◆ What you need to do ◆
Could you write out the records below exactly as they appear?

◆ The input ◆
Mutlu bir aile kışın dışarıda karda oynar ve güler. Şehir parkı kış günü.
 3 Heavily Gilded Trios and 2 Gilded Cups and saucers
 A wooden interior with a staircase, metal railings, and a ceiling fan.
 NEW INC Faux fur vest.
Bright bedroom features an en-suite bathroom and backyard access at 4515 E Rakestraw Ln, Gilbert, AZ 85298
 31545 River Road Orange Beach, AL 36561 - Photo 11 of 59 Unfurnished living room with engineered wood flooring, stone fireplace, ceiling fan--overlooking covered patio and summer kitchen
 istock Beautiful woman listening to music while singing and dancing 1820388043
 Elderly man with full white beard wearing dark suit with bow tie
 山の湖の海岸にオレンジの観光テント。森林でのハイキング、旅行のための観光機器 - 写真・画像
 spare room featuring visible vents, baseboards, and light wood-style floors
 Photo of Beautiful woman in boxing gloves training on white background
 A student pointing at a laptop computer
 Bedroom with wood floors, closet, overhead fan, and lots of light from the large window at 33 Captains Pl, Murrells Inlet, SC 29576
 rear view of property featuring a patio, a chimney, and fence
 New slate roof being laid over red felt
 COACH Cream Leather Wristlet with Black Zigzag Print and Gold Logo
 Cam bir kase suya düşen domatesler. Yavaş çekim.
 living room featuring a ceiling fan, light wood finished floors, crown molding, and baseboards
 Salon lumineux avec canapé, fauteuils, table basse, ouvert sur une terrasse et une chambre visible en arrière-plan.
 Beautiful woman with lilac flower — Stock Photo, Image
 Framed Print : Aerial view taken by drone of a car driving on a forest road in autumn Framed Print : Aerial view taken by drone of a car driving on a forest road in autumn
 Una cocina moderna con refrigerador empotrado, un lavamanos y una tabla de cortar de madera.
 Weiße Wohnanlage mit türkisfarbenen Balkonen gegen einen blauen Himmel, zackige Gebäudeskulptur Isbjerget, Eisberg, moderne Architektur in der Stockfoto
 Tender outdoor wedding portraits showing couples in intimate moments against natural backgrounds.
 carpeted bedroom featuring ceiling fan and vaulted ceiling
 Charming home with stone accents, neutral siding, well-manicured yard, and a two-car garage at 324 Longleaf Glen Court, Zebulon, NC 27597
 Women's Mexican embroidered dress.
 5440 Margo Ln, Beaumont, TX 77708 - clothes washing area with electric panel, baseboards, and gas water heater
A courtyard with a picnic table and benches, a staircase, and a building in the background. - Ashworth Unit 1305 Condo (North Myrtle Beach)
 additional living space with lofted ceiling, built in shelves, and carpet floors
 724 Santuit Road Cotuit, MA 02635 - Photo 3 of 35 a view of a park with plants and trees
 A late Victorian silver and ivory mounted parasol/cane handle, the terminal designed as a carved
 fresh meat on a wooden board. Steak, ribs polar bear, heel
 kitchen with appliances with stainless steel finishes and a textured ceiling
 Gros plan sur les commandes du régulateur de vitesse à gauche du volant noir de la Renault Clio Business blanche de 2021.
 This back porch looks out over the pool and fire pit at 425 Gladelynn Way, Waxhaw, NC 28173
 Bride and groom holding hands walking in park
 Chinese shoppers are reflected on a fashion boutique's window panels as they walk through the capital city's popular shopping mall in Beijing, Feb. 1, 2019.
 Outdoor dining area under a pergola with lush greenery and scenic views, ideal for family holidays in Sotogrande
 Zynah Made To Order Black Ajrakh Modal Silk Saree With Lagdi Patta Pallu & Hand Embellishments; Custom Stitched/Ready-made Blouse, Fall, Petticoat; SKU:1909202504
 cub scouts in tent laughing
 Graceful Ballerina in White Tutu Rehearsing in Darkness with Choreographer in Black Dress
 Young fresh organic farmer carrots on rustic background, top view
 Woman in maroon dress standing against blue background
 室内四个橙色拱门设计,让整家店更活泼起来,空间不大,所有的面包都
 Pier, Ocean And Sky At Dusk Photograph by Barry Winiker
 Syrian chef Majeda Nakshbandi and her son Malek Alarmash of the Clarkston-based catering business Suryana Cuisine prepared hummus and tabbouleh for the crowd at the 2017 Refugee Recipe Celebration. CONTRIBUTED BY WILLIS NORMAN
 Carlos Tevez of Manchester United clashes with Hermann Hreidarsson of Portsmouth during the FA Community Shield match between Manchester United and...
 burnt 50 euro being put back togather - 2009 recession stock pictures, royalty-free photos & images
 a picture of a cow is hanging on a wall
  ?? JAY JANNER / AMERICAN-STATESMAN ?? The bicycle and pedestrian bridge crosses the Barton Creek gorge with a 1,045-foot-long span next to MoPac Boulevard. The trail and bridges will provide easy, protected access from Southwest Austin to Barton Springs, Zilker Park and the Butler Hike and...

◆ Answer section ◆
Mutlu bir aile kışın dışarıda karda oynar ve güler. Şehir parkı kış günü.
 3 Heavily Gilded Trios and 2 Gilded Cups and saucers
 A wooden interior with a staircase, metal railings, and a ceiling fan.
 NEW INC Faux fur vest.
Bright bedroom features an en-suite bathroom and backyard access at 4515 E Rakestraw Ln, Gilbert, AZ 85298
 31545 River Road Orange Beach, AL 36561 - Photo 11 of 59 Unfurnished living room with engineered wood flooring, stone fireplace, ceiling fan--overlooking covered patio and summer kitchen
 istock Beautiful woman listening to music while singing and dancing 1820388043
 Elderly man with full white beard wearing dark suit with bow tie
 山の湖の海岸にオレンジの観光テント。森林でのハイキング、旅行のための観光機器 - 写真・画像
 spare room featuring visible vents, baseboards, and light wood-style floors
 Photo of Beautiful woman in boxing gloves training on white background
 A student pointing at a laptop computer
 Bedroom with wood floors, closet, overhead fan, and lots of light from the large window at 33 Captains Pl, Murrells Inlet, SC 29576
 rear view of property featuring a patio, a chimney, and fence
 New slate roof being laid over red felt
 COACH Cream Leather Wristlet with Black Zigzag Print and Gold Logo
 Cam bir kase suya düşen domatesler. Yavaş çekim.
 living room featuring a ceiling fan, light wood finished floors, crown molding, and baseboards
 Salon lumineux avec canapé, fauteuils, table basse, ouvert sur une terrasse et une chambre visible en arrière-plan.
 Beautiful woman with lilac flower — Stock Photo, Image
 Framed Print : Aerial view taken by drone of a car driving on a forest road in autumn Framed Print : Aerial view taken by drone of a car driving on a forest road in autumn
 Una cocina moderna con refrigerador empotrado, un lavamanos y una tabla de cortar de madera.
 Weiße Wohnanlage mit türkisfarbenen Balkonen gegen einen blauen Himmel, zackige Gebäudeskulptur Isbjerget, Eisberg, moderne Architektur in der Stockfoto
 Tender outdoor wedding portraits showing couples in intimate moments against natural backgrounds.
 carpeted bedroom featuring ceiling fan and vaulted ceiling
 Charming home with stone accents, neutral siding, well-manicured yard, and a two-car garage at 324 Longleaf Glen Court, Zebulon, NC 27597
 Women's Mexican embroidered dress.
 5440 Margo Ln, Beaumont, TX 77708 - clothes washing area with electric panel, baseboards, and gas water heater
A courtyard with a picnic table and benches, a staircase, and a building in the background. - Ashworth Unit 1305 Condo (North Myrtle Beach)
 additional living space with lofted ceiling, built in shelves, and carpet floors
 724 Santuit Road Cotuit, MA 02635 - Photo 3 of 35 a view of a park with plants and trees
 A late Victorian silver and ivory mounted parasol/cane handle, the terminal designed as a carved
 fresh meat on a wooden board. Steak, ribs polar bear, heel
 kitchen with appliances with stainless steel finishes and a textured ceiling
 Gros plan sur les commandes du régulateur de vitesse à gauche du volant noir de la Renault Clio Business blanche de 2021.
 This back porch looks out over the pool and fire pit at 425 Gladelynn Way, Waxhaw, NC 28173
 Bride and groom holding hands walking in park
 Chinese shoppers are reflected on a fashion boutique's window panels as they walk through the capital city's popular shopping mall in Beijing, Feb. 1, 2019.
 Outdoor dining area under a pergola with lush greenery and scenic views, ideal for family holidays in Sotogrande
 Zynah Made To Order Black Ajrakh Modal Silk Saree With Lagdi Patta Pallu & Hand Embellishments; Custom Stitched/Ready-made Blouse, Fall, Petticoat; SKU:1909202504
 cub scouts in tent laughing
 Graceful Ballerina in White Tutu Rehearsing in Darkness with Choreographer in Black Dress
 Young fresh organic farmer carrots on rustic background, top view
 Woman in maroon dress standing against blue background
 室内四个橙色拱门设计,让整家店更活泼起来,空间不大,所有的面包都
 Pier, Ocean And Sky At Dusk Photograph by Barry Winiker
 Syrian chef Majeda Nakshbandi and her son Malek Alarmash of the Clarkston-based catering business Suryana Cuisine prepared hummus and tabbouleh for the crowd at the 2017 Refugee Recipe Celebration. CONTRIBUTED BY WILLIS NORMAN
 Carlos Tevez of Manchester United clashes with Hermann Hreidarsson of Portsmouth during the FA Community Shield match between Manchester United and...
 burnt 50 euro being put back togather - 2009 recession stock pictures, royalty-free photos & images
 a picture of a cow is hanging on a wall
  ?? JAY JANNER / AMERICAN-STATESMAN ?? The bicycle and pedestrian bridge crosses the Barton Creek gorge with a 1,045-foot-long span next to MoPac Boulevard. The trail and bridges will provide easy, protected access from Southwest Austin to Barton Springs, Zilker Park and the Butler Hike and...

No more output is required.